Learning how to write multivariate outcomes models

I’m trying to learn how to fit a multivariate outcomes model. I read section 9.15 from the stan manual, and I have a question about how to include different covariates for different outcomes. For example, suppose my two outcomes are y1 and y2 and the underlying data generating process is the following:

Generate some fake data

set.seed(212018)
rbvn <- function (n, m1, s1, m2, s2, rho) {
   X1 <- rnorm(n, mu1, s1)
   X2 <- rnorm(n, mu2 + (s2/s1) * rho * 
                 (X1 - mu1), sqrt((1 - rho^2)*s2^2))
   cbind(X1, X2)
}

N <- 100
mu1 <- 0
s1 <- 1
mu2 <- 0
s2 <- 1
rho <- 0.5

e <- rbvn(N,mu1,s1,mu2,s2,rho)

x1 <- rnorm(N,0,1)
x2 <- rnorm(N,0,1)
x3 <- rnorm(N,0,1)
t <- sample(x = c(0,1), size=N, replace = T)

y1 <- 0.5 + 2.12*x1 + 5.78*x3 + 9.15*t + e[,1]
y2 <- 2 + 7.82*x1 + 4.21*x2 + 3.57*t + e[,2]

Note that y2 is not a function of x3 and y1 is not a function of x2. If I ignore this fact, I can fit this model using the example code from the manual:


data {
  int<lower=1> K;
  int<lower=1> J;
  int<lower=0> N;
  vector[J] x[N];
  vector[K] y[N];
}

parameters{
  matrix[K,J] beta;
  cov_matrix[K] Sigma;
}

model {
  vector[K] mu[N];
  for (n in 1:N)
    mu[n] = beta * x[n];
  y ~ multi_normal(mu,Sigma);
}

I’m trying to change the code to incorporate the fact that the two outcomes should have a different set of covariates.
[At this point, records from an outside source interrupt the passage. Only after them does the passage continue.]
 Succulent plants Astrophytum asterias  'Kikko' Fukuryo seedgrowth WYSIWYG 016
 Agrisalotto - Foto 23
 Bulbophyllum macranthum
I tried this:


data {
  int<lower=1> J;
  int<lower=0> N;
  vector[J] x[N];
  vector[1] xtwo[N];
  vector[1] xtrhee[N];
  vector[2] y[N];
}

parameters{
  vector[J] beta_one;
  vector[J] beta_two;
  vector[1] gamma_one;
  vector[1] gamma_two;
  cov_matrix[2] Sigma;
}

model {
  vector[2] mu[N];
  for(i in 1:N){
    mu[1,i] = dot_product(x[i], beta_one)+ dot_product(xtrhee[i], gamma_one);
    mu[2,i] = dot_product(x[i], beta_two)+ dot_product(xtwo[i], gamma_two);
  }
  y ~ multi_normal(mu,Sigma);
}

But when I try to fit it I get an error:

library(rstan)

df <- data.frame(x1=x1,x2=x2,x3=x3,t=t,y1=y1,y2=y2)
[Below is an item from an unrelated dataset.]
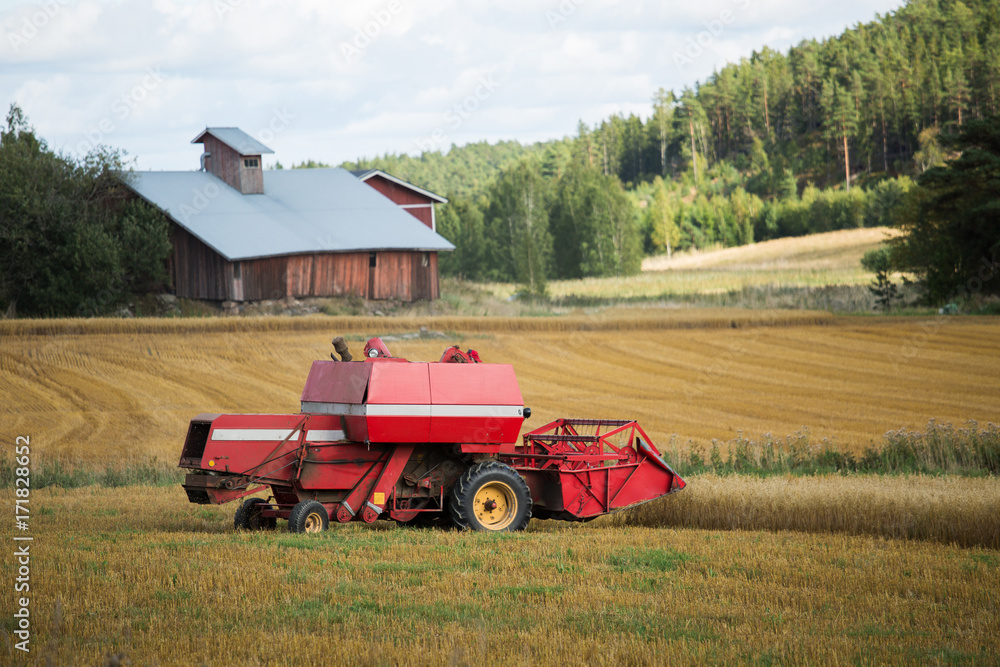 Fototapeta premium Combine harvester on a field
fml <- as.formula(y1 ~ x1+x2+x3+t)

model_data <- model.matrix(data = df, fml)

outcomes <- data.frame(y1=y1,y2=y2)

stan_dat <- list(J = ncol(model_data[,c(1,2,5)]),
                 N = 100,
                 x = as.matrix(model_data[,c(1,2,5)]),
                 xtwo = as.matrix(df$x2),
                 xtrhee = as.matrix(df$x3),
                 y = as.matrix(outcomes))

fit2 <- sampling(model2, data = stan_dat) 

print(fit2)

SAMPLING FOR MODEL 'stan-5f8a22861036' NOW (CHAIN 1).
Unrecoverable error evaluating the log probability at the initial value.
Exception: []: accessing element out of range. index 3 out of range; expecting index to be between 1 and 2; index position = 2mu  (in 'model5f8a1432a18b_stan_5f8a22861036' at line 22)

[1] "Error in sampler$call_sampler(args_list[[i]]) : "                                                                                                                                         
[2] "  Exception: []: accessing element out of range. index 3 out of range; expecting index to be between 1 and 2; index position = 2mu  (in 'model5f8a1432a18b_stan_5f8a22861036' at line 22)"
error occurred during calling the sampler; sampling not done

My guess is that my syntax for mu is wrong, but i tried a few different things that did not work either.

What is the right way of doing this?

Thanks!

To answer my own question, this code works if I change mu[1,i] to mu[i,1].

That said, my guess is that I’m not following best practices. Any and all comments about how to improve the code would be highly appreciated

Whenever you see counting numbers in variable names, you know there should be arrays instead, as in,

vector[2, J] beta;

There are much better parameterizations than a covariance matrix. The manual chapter on regression explains how to factor into a Cholesky factor of a correlation matrix and a scale vector. That’s much more efficient than having a direct covariance matrix.

In two dimensions, it all works out very easily as the entries are just sigma[1] * sigma[2] * rho, sigma[1]^2 and sigma[2]^2

That should just be a scalar.

You want to just write each regression out separately using a matrix of predictors. Select that matrix out of a single data matrix x with something like x[ , { 2, 3, 5 }] where that collection of indexes picks out the columns to save. Doing that once and for all in the transformed data block and assigning to a new matrix of appropriate dimension is easiest. Then the parameter vectors probably won’t be the same length.

You can then write the multivariate normal by appending the two vectors of predictions to form mu.

1 Like